Here’s what happens in the code above:

1. Define all types of blog posts on the website.
2. To make switch exhaustive, add default.
3. Handle .screencast and .course with default since screencasts and courses are videos.

The following is how handling podcasts works in Swift 4.2:

enum Post {
  case tutorial, article, podcast, screencast, course
}

let podcast = Post.podcast
readPost(podcast) // "You are watching a video."

In this code, you handle .podcast with default, even though podcasts aren’t videos. Swift 4.2 doesn’t warn you about this because the switch is exhaustive.

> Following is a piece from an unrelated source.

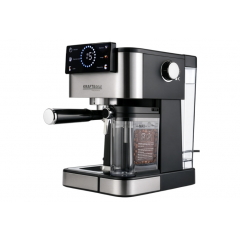 Virzuļveida espresso mašīna LCD 1500 W 20 bāru Kraft&dele (KD4292)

Swift 5 takes care of added enumeration cases [SE-0192]:

func readPost(_ post: BlogPost) -> String {
  switch post {
    case .tutorial:
      return "You are reading a tutorial."
    case .article:
      return "You are reading an article."
    @unknown default:
      return "You are reading a blog post."
  }
}

readPost(screencast) // "You are reading a blog post."
readPost(course) // "You are reading a blog post."
readPost(podcast) // "You are reading a blog post."

In this code, you mark default as @unknown, and Swift warns you that switch isn’t exhaustive. default handles .screencast, .course and .podcast because screencasts, courses and podcasts are blog posts.

The future is bright for Swift 5 enumerations!